Python: forward resolution
from datetime import datetime
from alphaswarm.data.identity import resolve
# "What was AAPL's CUSIP on 2018-06-12?"
hit = resolve(
scheme="cusip",
value="037833100",
as_of=datetime(2018, 6, 12),
)
print(hit.value, hit.is_open_ended)
Python: history walk
from alphaswarm.data.identity import history
# Every alias known for Apple
for row in history(entity_kind="instrument", entity_id="aapl-uuid"):
print(row.scheme, row.value, row.valid_from, row.valid_to)
Agent / MCP
data.identity.resolve(scheme="cusip", value="037833100", as_of="2018-06-12")
data.identity.history(entity_kind="instrument", entity_id="aapl-uuid")
The DataMCP layer is the only path agents may use to resolve identifiers (AGENTS rule 22). The Python module is reserved for loaders / pipelines / persistence code; agent code never imports the ORM model directly.
Backfill from legacy JSON blob (migration 0040)

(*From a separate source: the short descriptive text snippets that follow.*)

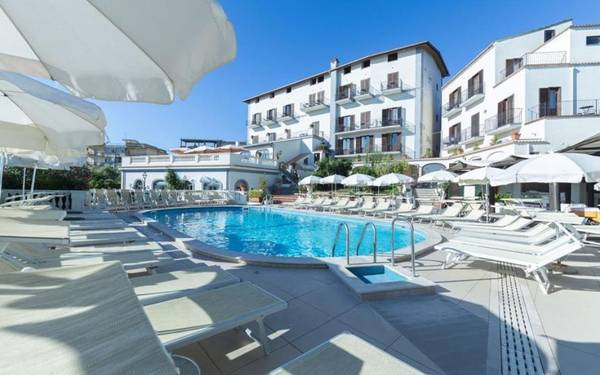 Hotel Iaccarino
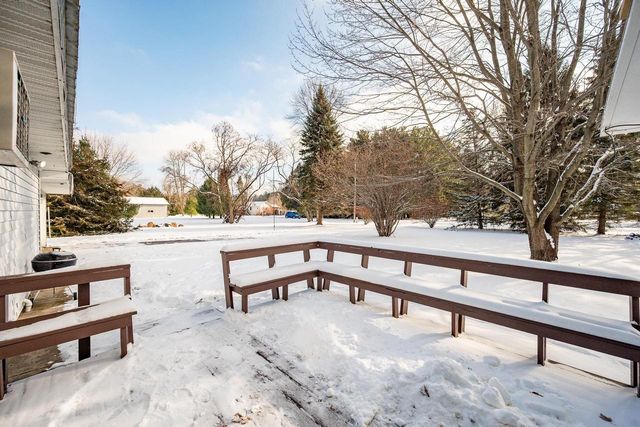 2131 DORAN STREET, Oconto, WI 54153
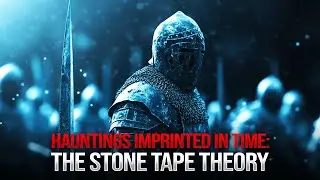 The Stone Tape Theory: Secrets of Haunted Places!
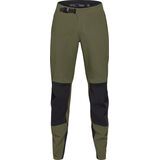 Fox Defend Pant olive green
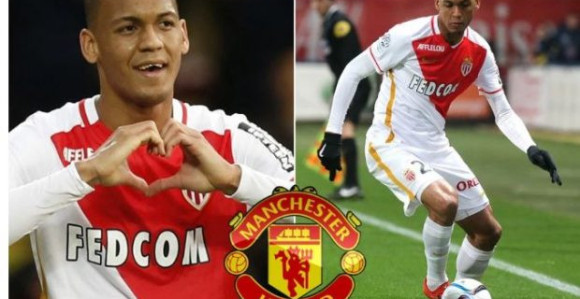 I Junajted kupuje od Monaka, za 35.000.000!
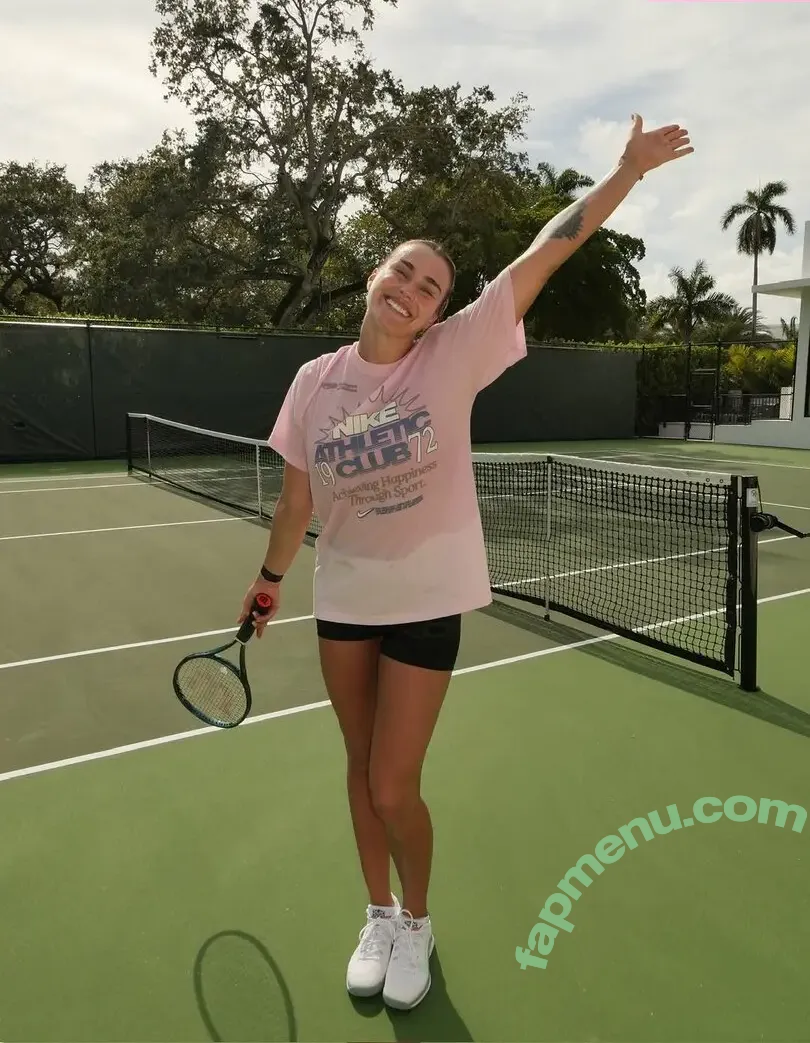 Aryna Sabalenka nude photo #0476 (Sabalenka_aryna)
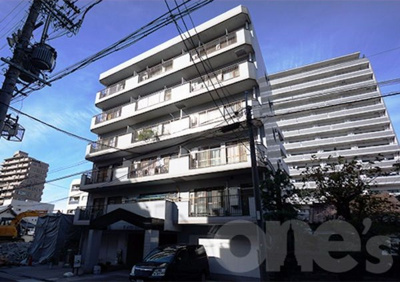 【外観】 | ラ・メゾンエスト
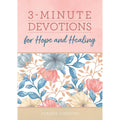 3-Minute Devotions for Hope and Healing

The legacy Instrument.identifiers JSON column is a flat
{scheme: value} map. Migration 0040 walks every row, normalises
the scheme name (lower-cased, aliases collapsed), and inserts a row
into identifier_links with valid_from=valid_to=NULL ("valid
for all time the row represents") and confidence=0.7 (so a
canonical loader row at confidence=1.0 always wins the resolver
tiebreaker).
The legacy JSON column is kept: readers that haven't migrated to the resolver continue to work. New readers MUST go through the resolver so they see corrected validity windows.
Validity-window semantics
valid_from | valid_to | Meaning |
|---|---|---|
NULL | NULL | Valid for all time the row represents |
2018-01-01 | NULL | Valid from 2018-01-01, still current |
NULL | 2022-06-09 | Valid up to (and including) 2022-06-09 |
2010-05-01 | 2015-12-31 | Valid in the closed-open interval |
The valid_to is exclusive -- a row with valid_to=2022-06-09
is NOT valid on 2022-06-09. The lookup predicate is therefore
valid_to > as_of, not valid_to >= as_of.
Confidence ordering
When multiple rows satisfy the validity predicate, the highest
confidence wins. Default loader rows ship with
confidence=1.0; the legacy-blob backfill from migration 0040
uses confidence=0.7 so it's overridden the moment a canonical
loader populates the same alias.
Heuristic / fuzzy-match loaders should use confidence in the
0.3-0.6 range so they only win when no canonical row exists.